I released the address_tools module which does exactly what I asked for.

Here is the code. Here are the tests.

It's part of GarlicSim, so you can use it by installing garlicsim and doing from garlicsim.general_misc import address_tools. Its main functions are describe and resolve, which are parallel to repr and eval. The docstrings explain everything about how these functions work.

There is even a Python 3 version on the Python 3 fork of GarlicSim. Install it if you want to use address_tools on Python 3 code.

Ram Rachum
  • 84,019
  • 84
  • 236
  • 374
1

For points 3 and 4, I guess that you are looking for facilities like

from life import life  # life represents life.life
from garlicsim_lib.simpacks import prisoner

However, this is not recommended, as it makes it harder for you or people who read your code to quickly know what prisoner represents (where module does it come from? you have to look at the beginning of the code to get this information).

For point 1, you can do:

from uncertainties import UFloat

print UFloat.__module__  # prints 'uncertainties'

import sys
module_of_UFloat = sys.modules[UFloat.__module__]

For point 2, given the string 'garlicsim_lib.simpacks.prisoner', you can get the object it refers to with:

obj = eval('garlicsim_lib.simpacks.prisoner')

This supposes that you have imported the module with

import garlicsim_lib  # or garlicsim_lib.simpacks

If you even want this to be automatic, you can do something along the lines of

import imp

module_name = address_string.split('.', 1)[0]
mod_info = imp.find_module(module_name)
try:
    imp.load_module(module_name, *mod_info)
finally:
    # Proper closing of the module file:
    if mod_info[0] is not None:
        mod_info[0].close()

This works only in the simplest cases (garlicsim_lib.simpacks need to be available in garlicsim_lib, for instance).

Coding things this way is, however, highly unusual.

Eric O. Lebigot
  • 91,433
  • 48
  • 218
  • 260
  • Point 2 means: Given the string `'garlicsim_lib.simpacks.prisoner.State.step'`, get the actual object `garlicsim_lib.simpacks.prisoner.State.step`. – Ram Rachum Sep 10 '10 at 11:37
  • You've given me quick-n-dirty code. I already have some code that does this, so quick-n-dirty code is not helpful for me.

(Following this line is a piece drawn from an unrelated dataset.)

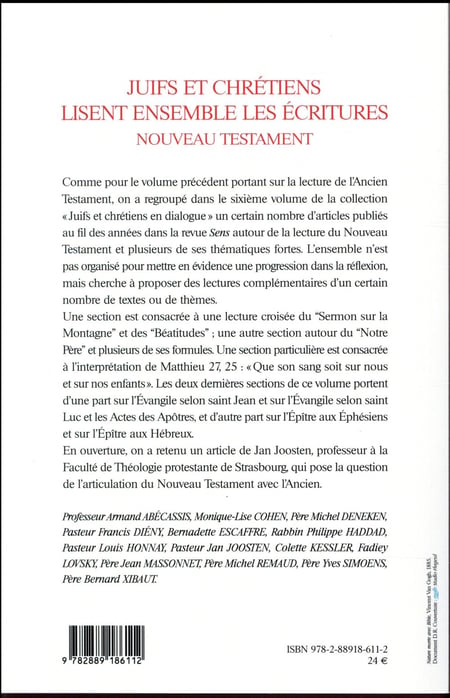 media/pim/TITELIVE/16_9782889186112_4_75.jpg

I'm asking if anyone knows of a mature module that does this. – Ram Rachum Sep 10 '10 at 11:53
  • 1
    @cool-RR: Maybe, but downvoting someone who gives you an answer of that length isn't very grateful – Johannes Charra Sep 10 '10 at 13:50
  • @jellybean: Downvoting and upvoting is for saying "an answer is bad" or "answer is good". If we'll avoid downvoting in order to not hurt people's feelings we'll just have a harder time telling the good answers from the bad. Thank you EOL for taking the time to answer my question. – Ram Rachum Sep 10 '10 at 14:10
  • 1
    @cool-RR: I agree. But in this case the answer isn't "bad" but "not helpful" (at most), which maps to "no vote" in my voting decision map. – Johannes Charra Sep 10 '10 at 14:17
  • I think unhelpful answers are harmful because they clutter the question page. – Ram Rachum Sep 10 '10 at 14:32
  • @cool-RR: EOL's answer is only unhelpful to *you* personally, because you "already have some code that does this". The rest of the world doesn't have access to that code, but thanks to EOL's answer, the rest of the world now *does* have access to some admittedly-quick-and-dirty code for doing this stuff, which might be useful to people other than yourself. The answers here aren't just for you, but are also for other people asking the same or similar questions. – RichieHindle Sep 10 '10 at 15:00
  • @RichieHindle: This question was downvoted to -5, most of the people here are telling me some variation of "You're doing it wrong, what you want is wrong," and now you're concerned about other people who might find this question interesting? A much bigger problem is the "You're doing it wrong" attitude that many people showed here, rather than me downvoting an answer that seemingly ignored my ACTUAL QUESTION, which is "Is there a Python module for handling Python object addresses?" – Ram Rachum Sep 10 '10 at 15:16
  • 1
    @cool-RR: Sometimes I'll be driving along and I'll see ahead that there's someone wanting to pull out. If none of the cars in front me lets them out, I'll do it. Sometimes the driver I'm letting out is obviously frustrated at having to wait a long time, and drives speedily away without thanking me. It's him vs. the rest of the world, and I'm part of the rest of the world. EOL didn't downvote your question (I assume). Neither did he tell you you were doing it wrong. I didn't do any of that either. Please don't have a go at EOL or me for something that others did. Nor at EOL for trying to help. – RichieHindle Sep 10 '10 at 15:40
  • 1
    @RichieHindle: Thank you for your support. I assume that cool-RR might have good reasons to be wanting to do certain things, however unusual they are. – Eric O. Lebigot Sep 11 '10 at 08:58
0

Twisted has #2 as twisted/python/reflect.py . You need something like it for making a string-based configuration system, like with Django's urls.py configuration.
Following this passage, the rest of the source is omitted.